(What you need to do): Omit every picture and output the rest of the records exactly as they are.

(Provided data):
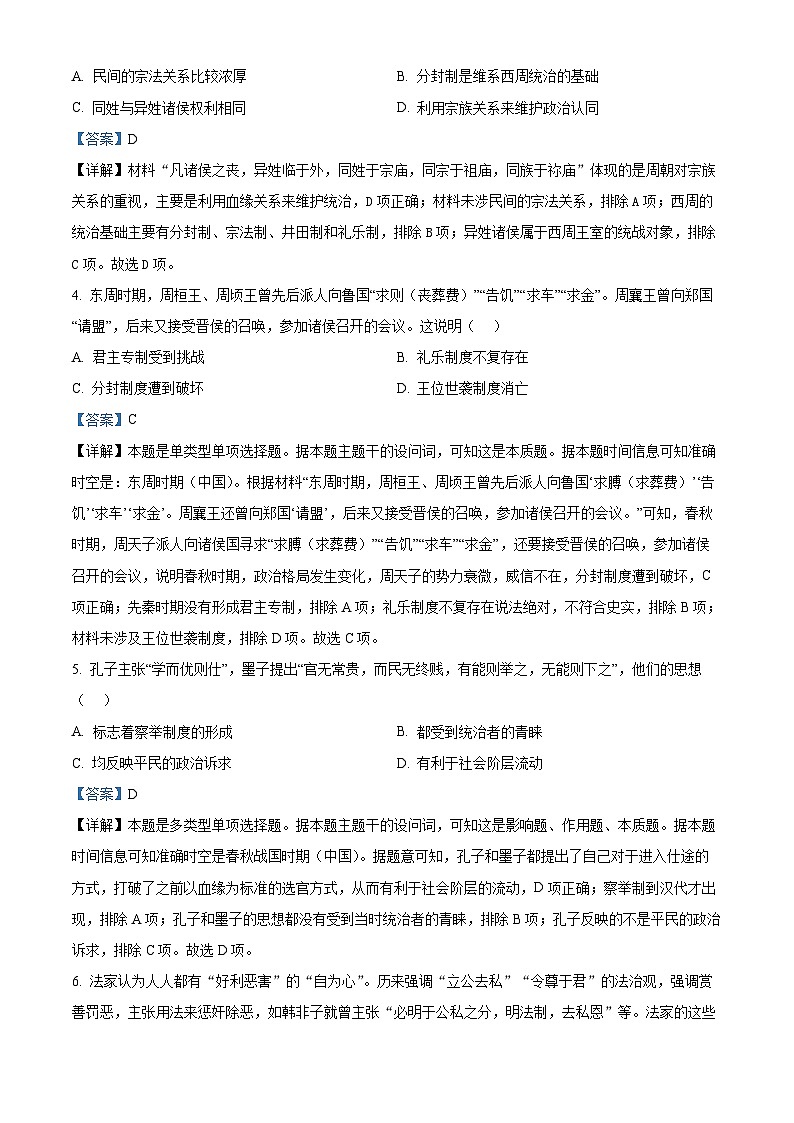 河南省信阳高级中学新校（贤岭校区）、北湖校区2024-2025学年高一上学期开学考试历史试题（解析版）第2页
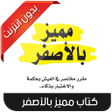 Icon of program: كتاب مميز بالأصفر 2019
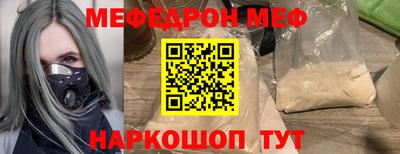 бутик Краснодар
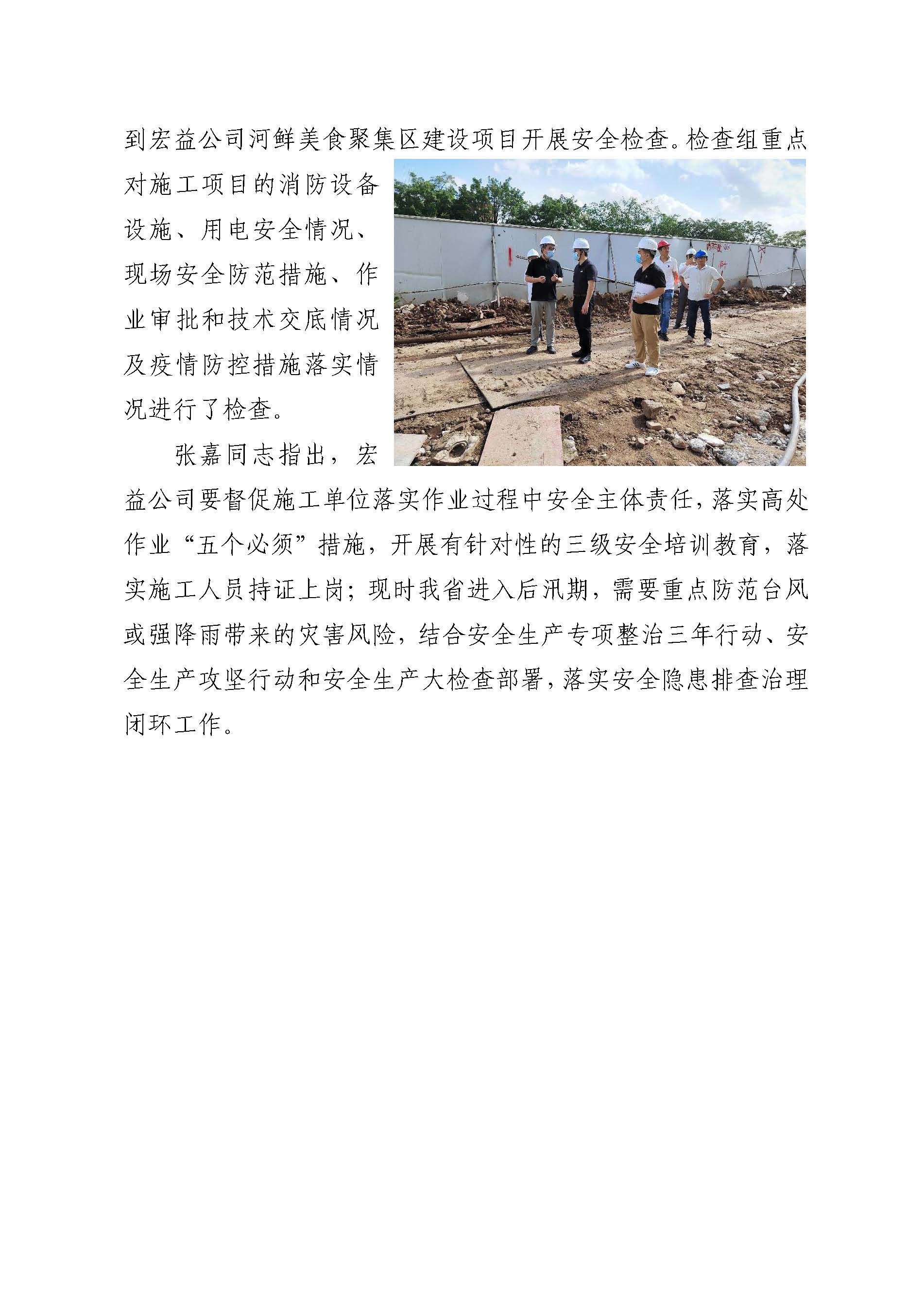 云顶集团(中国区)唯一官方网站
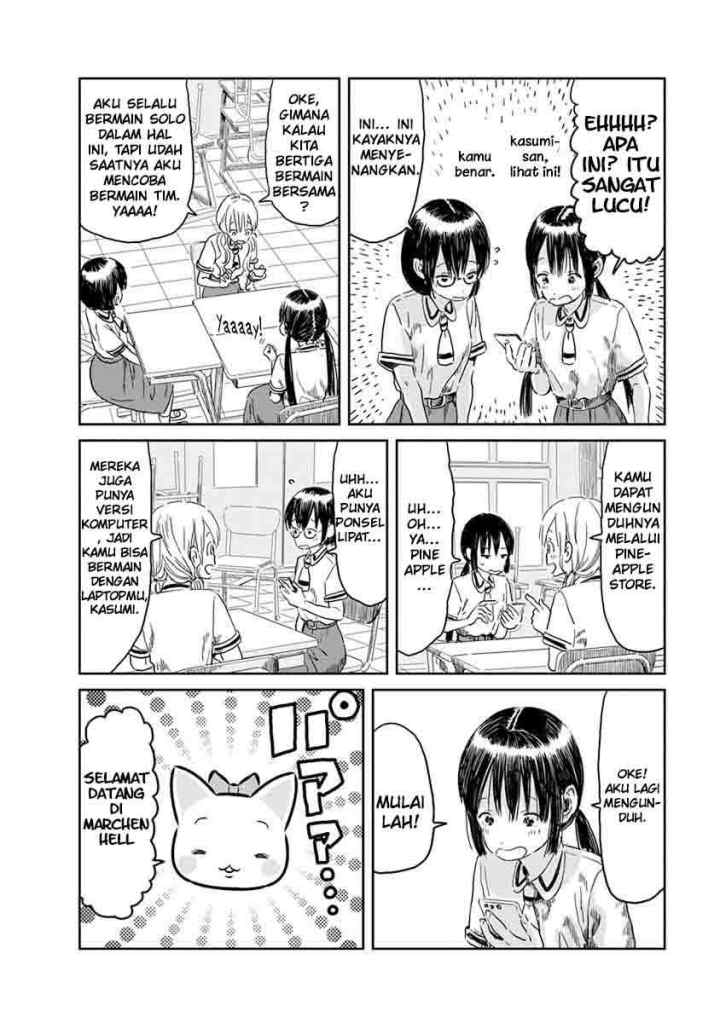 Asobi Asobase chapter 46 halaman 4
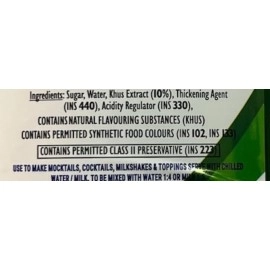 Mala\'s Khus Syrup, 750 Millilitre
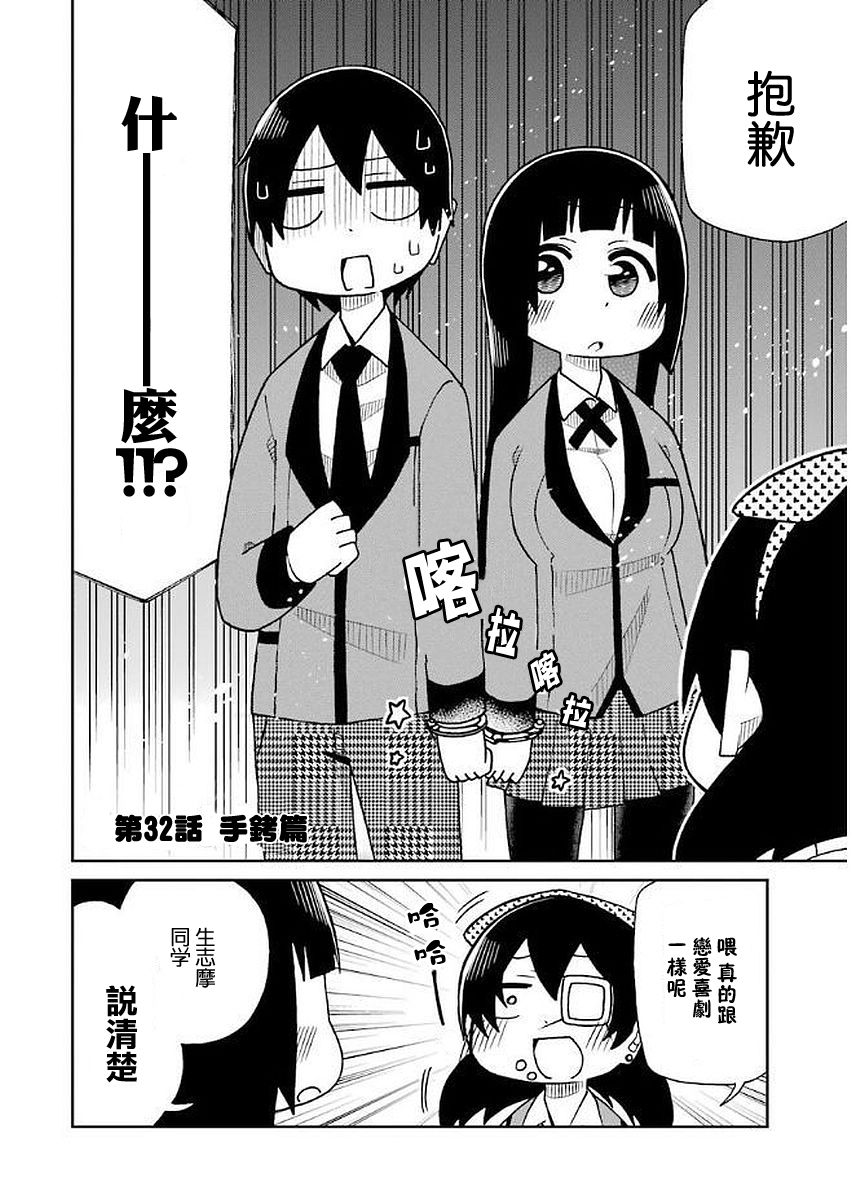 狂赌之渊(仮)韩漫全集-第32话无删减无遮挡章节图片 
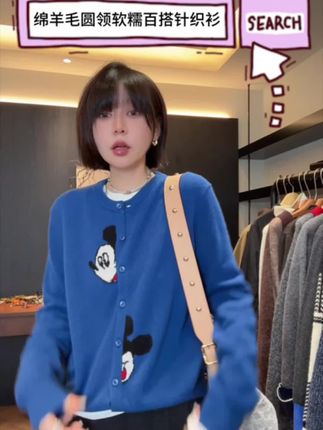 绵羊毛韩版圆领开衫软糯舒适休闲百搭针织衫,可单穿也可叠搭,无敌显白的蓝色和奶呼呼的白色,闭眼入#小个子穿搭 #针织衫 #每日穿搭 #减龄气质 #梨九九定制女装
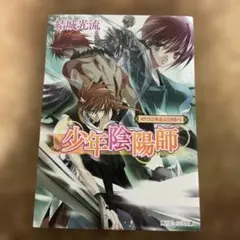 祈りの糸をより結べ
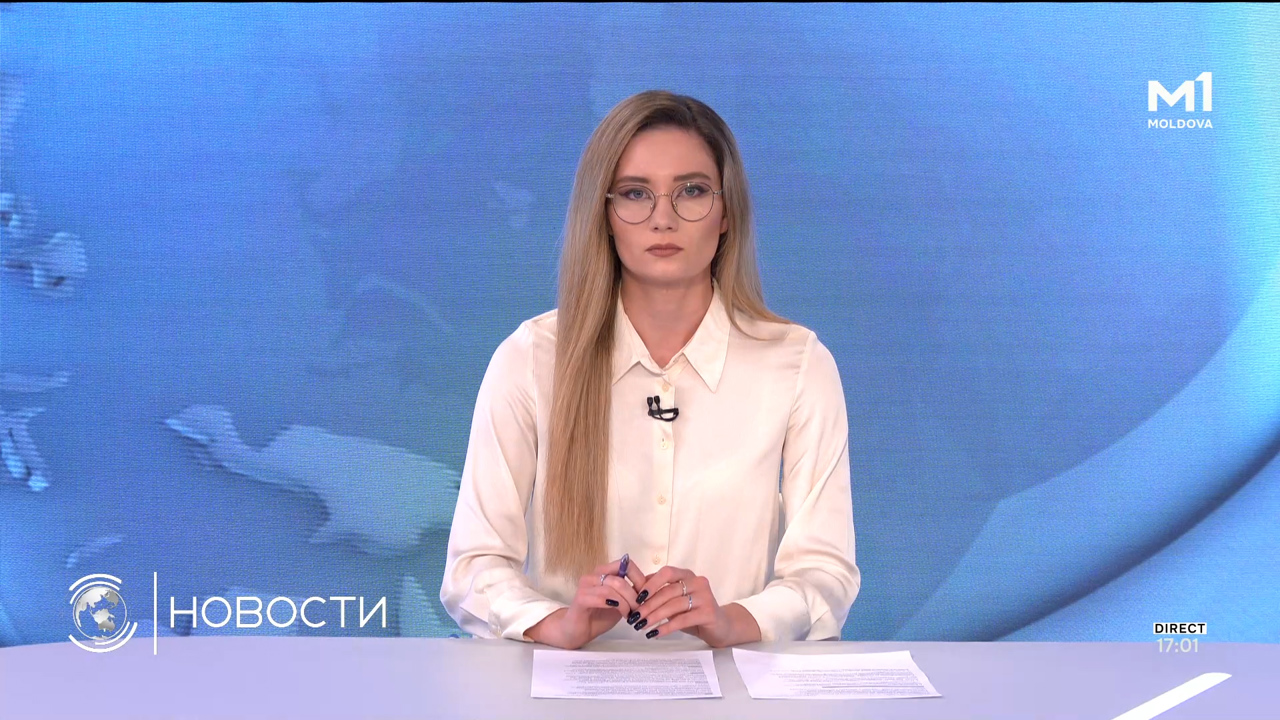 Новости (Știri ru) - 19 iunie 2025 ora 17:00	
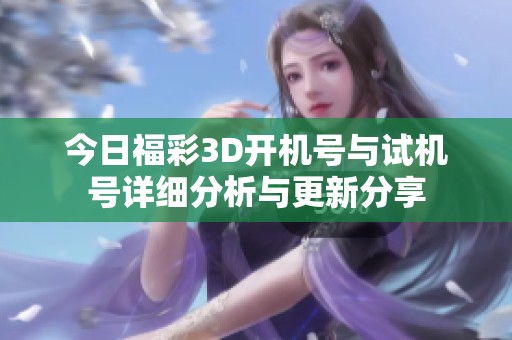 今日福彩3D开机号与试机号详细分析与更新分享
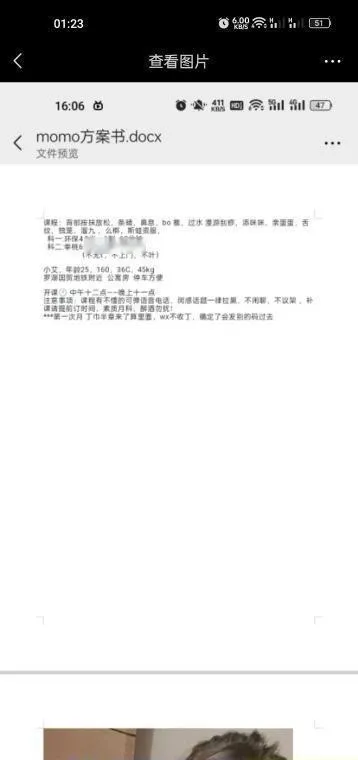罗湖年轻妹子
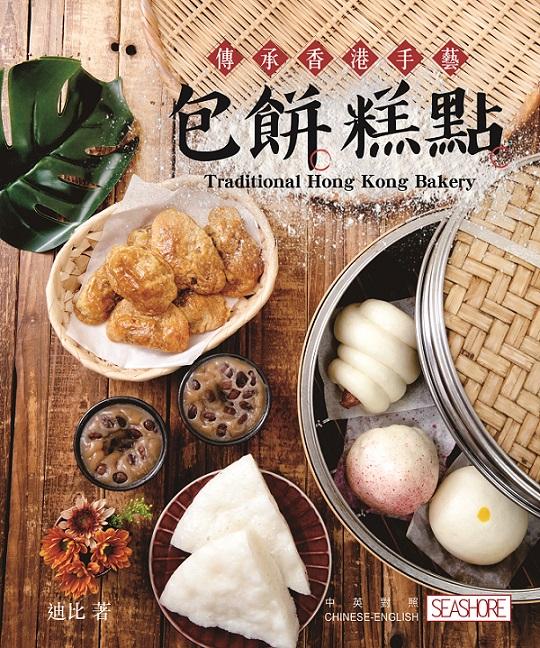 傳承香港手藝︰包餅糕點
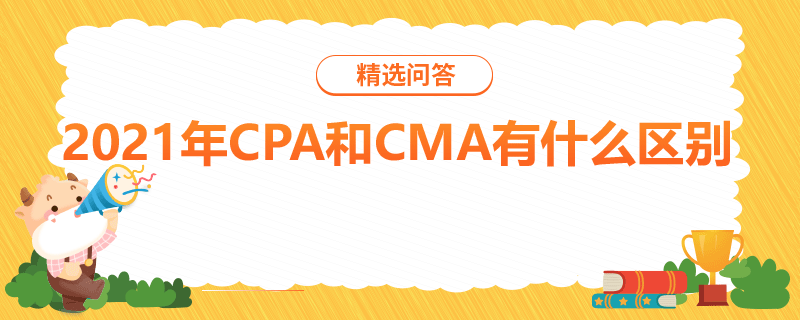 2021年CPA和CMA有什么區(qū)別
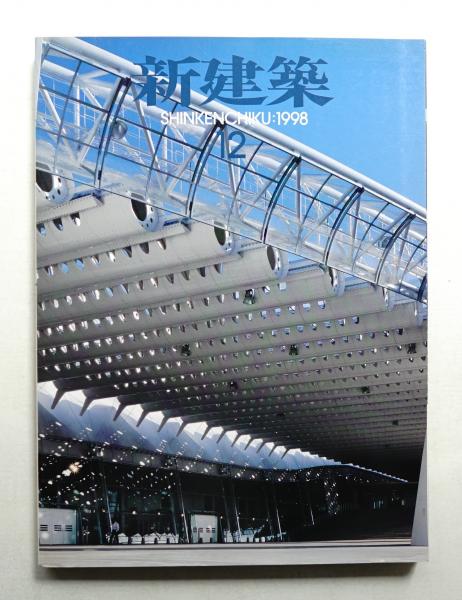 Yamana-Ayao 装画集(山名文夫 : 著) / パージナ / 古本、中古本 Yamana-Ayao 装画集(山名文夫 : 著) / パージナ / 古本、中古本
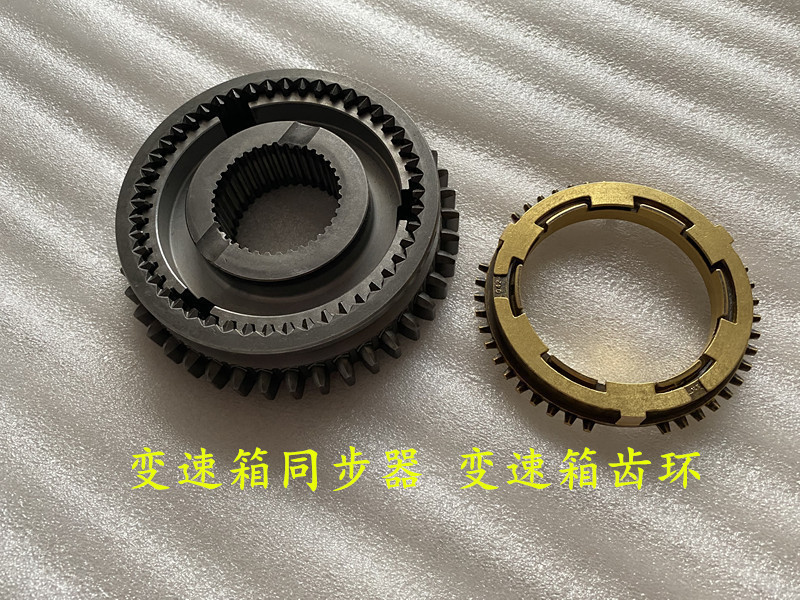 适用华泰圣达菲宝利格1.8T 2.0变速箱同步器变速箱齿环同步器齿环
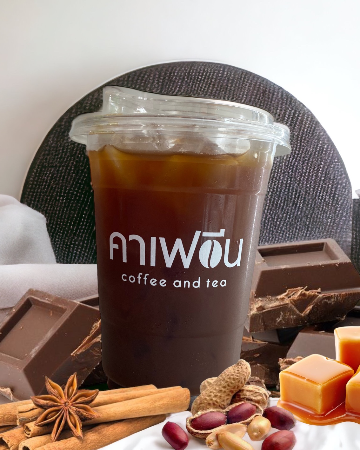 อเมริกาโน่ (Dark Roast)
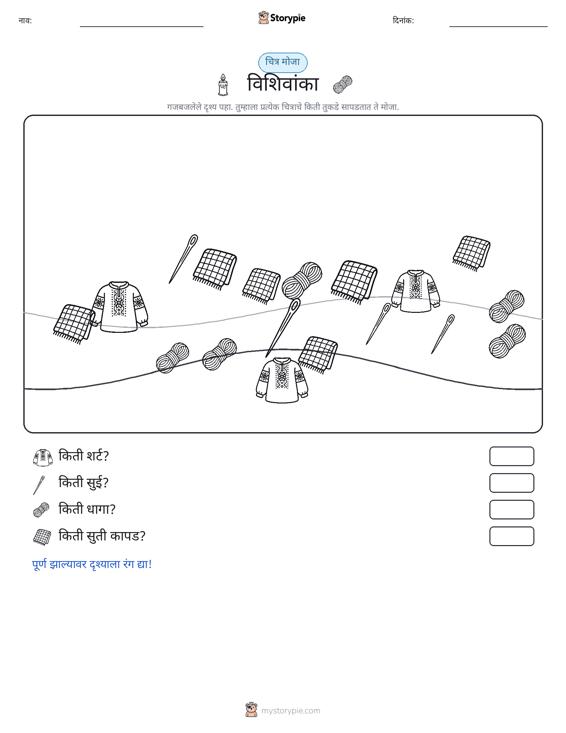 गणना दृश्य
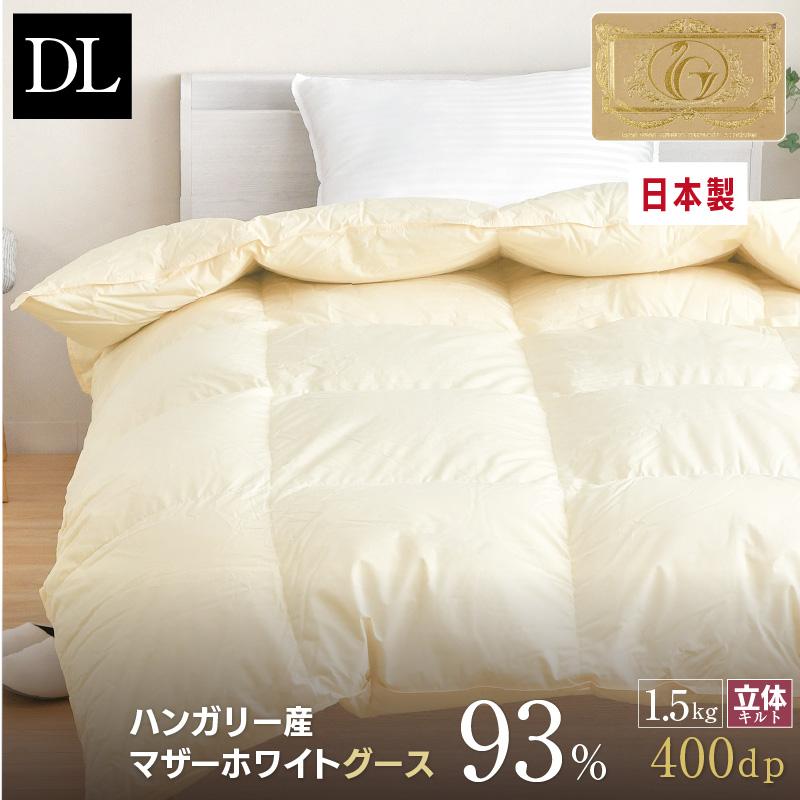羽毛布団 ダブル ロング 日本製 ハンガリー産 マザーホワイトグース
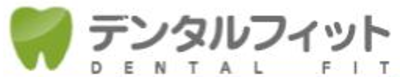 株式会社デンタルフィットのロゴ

(Response to the task):
 河南省信阳高级中学新校（贤岭校区）、北湖校区2024-2025学年高一上学期开学考试历史试题（解析版）第2页
 Icon of program: كتاب مميز بالأصفر 2019
 бутик Краснодар
 云顶集团(中国区)唯一官方网站
 Asobi Asobase chapter 46 halaman 4
 Mala\'s Khus Syrup, 750 Millilitre
 狂赌之渊(仮)韩漫全集-第32话无删减无遮挡章节图片 
 绵羊毛韩版圆领开衫软糯舒适休闲百搭针织衫,可单穿也可叠搭,无敌显白的蓝色和奶呼呼的白色,闭眼入#小个子穿搭 #针织衫 #每日穿搭 #减龄气质 #梨九九定制女装
 祈りの糸をより結べ
 Новости (Știri ru) - 19 iunie 2025 ora 17:00	
 今日福彩3D开机号与试机号详细分析与更新分享
罗湖年轻妹子
 傳承香港手藝︰包餅糕點
 2021年CPA和CMA有什么區(qū)別
 Yamana-Ayao 装画集(山名文夫 : 著) / パージナ / 古本、中古本 Yamana-Ayao 装画集(山名文夫 : 著) / パージナ / 古本、中古本
 适用华泰圣达菲宝利格1.8T 2.0变速箱同步器变速箱齿环同步器齿环
 อเมริกาโน่ (Dark Roast)
 गणना दृश्य
羽毛布団 ダブル ロング 日本製 ハンガリー産 マザーホワイトグース
 株式会社デンタルフィットのロゴ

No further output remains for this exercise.